Provided material:
________

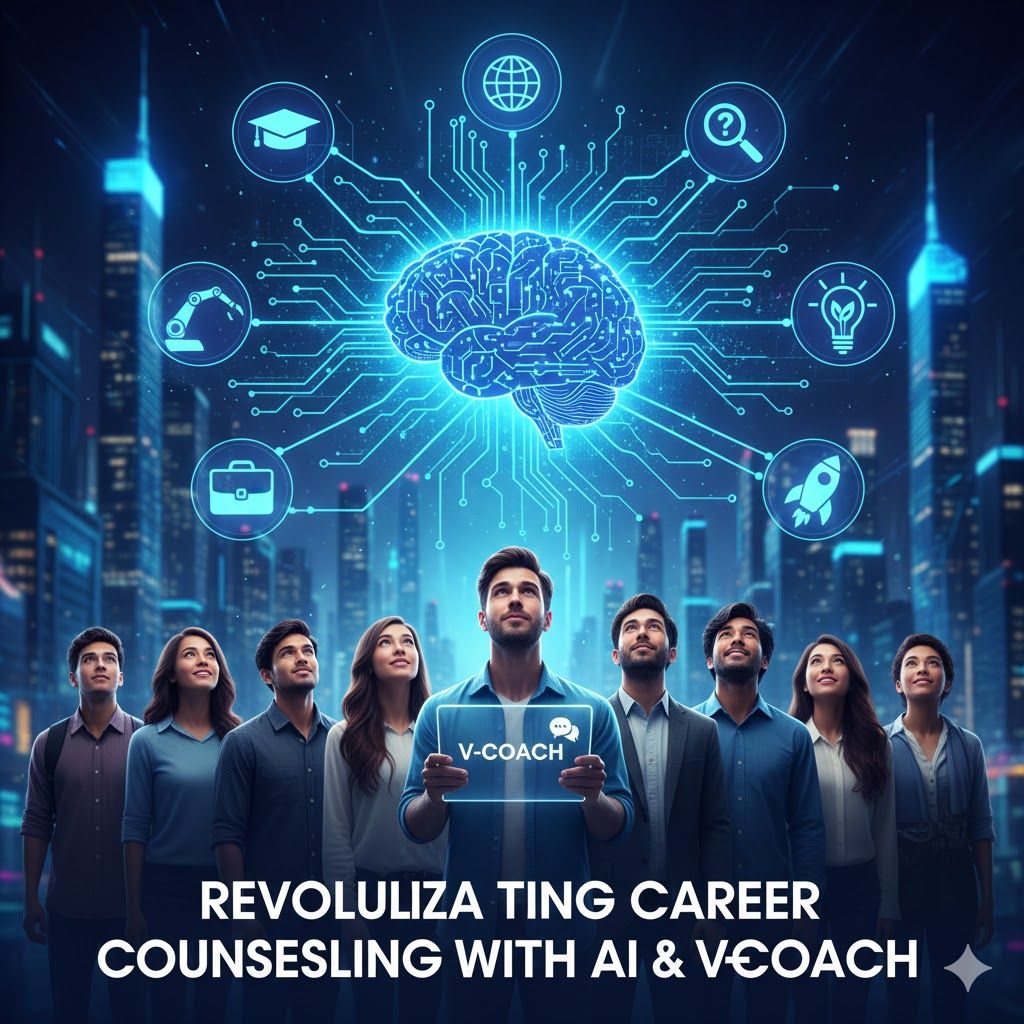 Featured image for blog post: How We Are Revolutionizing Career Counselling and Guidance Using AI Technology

________

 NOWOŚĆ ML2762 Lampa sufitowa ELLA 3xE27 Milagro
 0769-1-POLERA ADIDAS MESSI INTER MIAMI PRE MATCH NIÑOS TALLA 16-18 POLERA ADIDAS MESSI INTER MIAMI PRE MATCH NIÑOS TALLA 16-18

________

What this task involves: Going back to the entries above, set down exactly the lines that begin at the one with "NOWOŚĆ ML2762 Lampa" and end at the one with "0769-1-POLERA ADIDAS MESSI", both included, and nothing else.

Completed task:
 NOWOŚĆ ML2762 Lampa sufitowa ELLA 3xE27 Milagro
 0769-1-POLERA ADIDAS MESSI INTER MIAMI PRE MATCH NIÑOS TALLA 16-18 POLERA ADIDAS MESSI INTER MIAMI PRE MATCH NIÑOS TALLA 16-18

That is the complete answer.